With regards to a no-throw swap. What do you do when your class
contains constant members. So now:

class me {
int const var1;
int var2;
public:
me()
: var1(0x99)
, var2(0)
{}
me ( me const& other )
: var1 ( other.var1 )
, var2 ( other.var2 )
{}
me& operator= ( me const& other )
{
me tmp(other);
// std::swap(this->var1, tmp.var1 ); // OOPS
std::swap(this->var2, tmp.var2 );
}
};

ma740988 wrote:

Yes, really. Implementing operator= in terms of a a temporary copy
and a no-throw swap() function is a powerful idiom for ensuring the
basic exception-safety guarantee (pronounced "this code doesn't have
(that kind of) bugs").
With regards to a no-throw swap. What do you do when your class
contains constant members. So now:

class me {
int const var1;
int var2;
public:
me()
: var1(0x99)
, var2(0)
{}
me ( me const& other )
: var1 ( other.var1 )
, var2 ( other.var2 )
{}
me& operator= ( me const& other )
{
me tmp(other);
// std::swap(this->var1, tmp.var1 ); // OOPS

this->var1 = other.var1; // doesn't work either
std::swap(this->var2, tmp.var2 );
}
};

That's not an issue with the "create a temporary copy and swap" idiom.
That's a general issue with having constant members and an assignment
operater in the same class.

Since there is no way to change this->var1 in your assignment operator
anyway, you have to ask yourself what it means to be able to assign
objects of that type.

Gavin Deane

ma740988 wrote:

Yes, really. Implementing operator= in terms of a a temporary copy
and a no-throw swap() function is a powerful idiom for ensuring the
basic exception-safety guarantee (pronounced "this code doesn't have
(that kind of) bugs").

With regards to a no-throw swap. What do you do when your class
contains constant members. So now:

class me {
int const var1;
int var2;
public:
me()
: var1(0x99)
, var2(0)
{}
me ( me const& other )
: var1 ( other.var1 )
, var2 ( other.var2 )
{}
me& operator= ( me const& other )
{
me tmp(other);
// std::swap(this->var1, tmp.var1 ); // OOPS
std::swap(this->var2, tmp.var2 );
}
};

Hm, do you really think the swap() is at fault? How would you implement
operator=() for a class with const members anyway?
Best

Kai-Uwe Bux

Hm, do you really think the swap() is at fault? How would you implement
operator=() for a class with const members anyway?
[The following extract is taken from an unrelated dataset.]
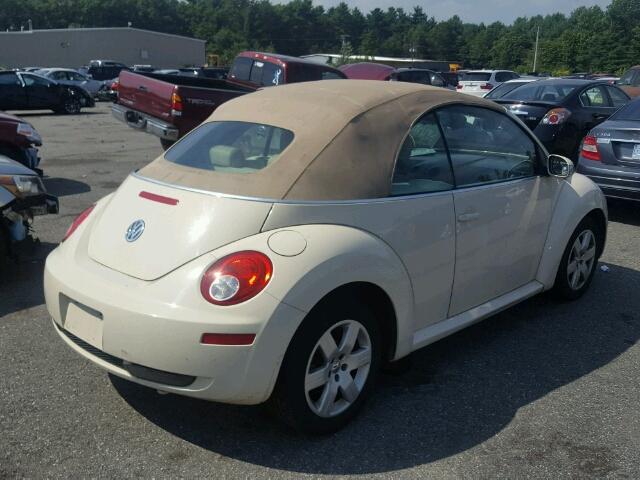 3VWRG31Y86M333929 - 2006 VOLKSWAGEN NEW BEETLE CREAM photo 4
No, I'm not saying it's at fault but I realized I had a brain fart. As
Gavin pointed out, this:
this->var1 = other.var1; // doesn't work either
wouldn't work either.

I was just trying to create a _test_ case/class with a few of types
that required special handling. int *prt_member ( we can handle that
in operator=), static int, const int, volatile int ( and that's where I
stopped :)) and a contanier (std::vector<int> - no special handling
per-se but .. ) . Just something to debug and observe the behavior.
Something to build on what Ali wrote.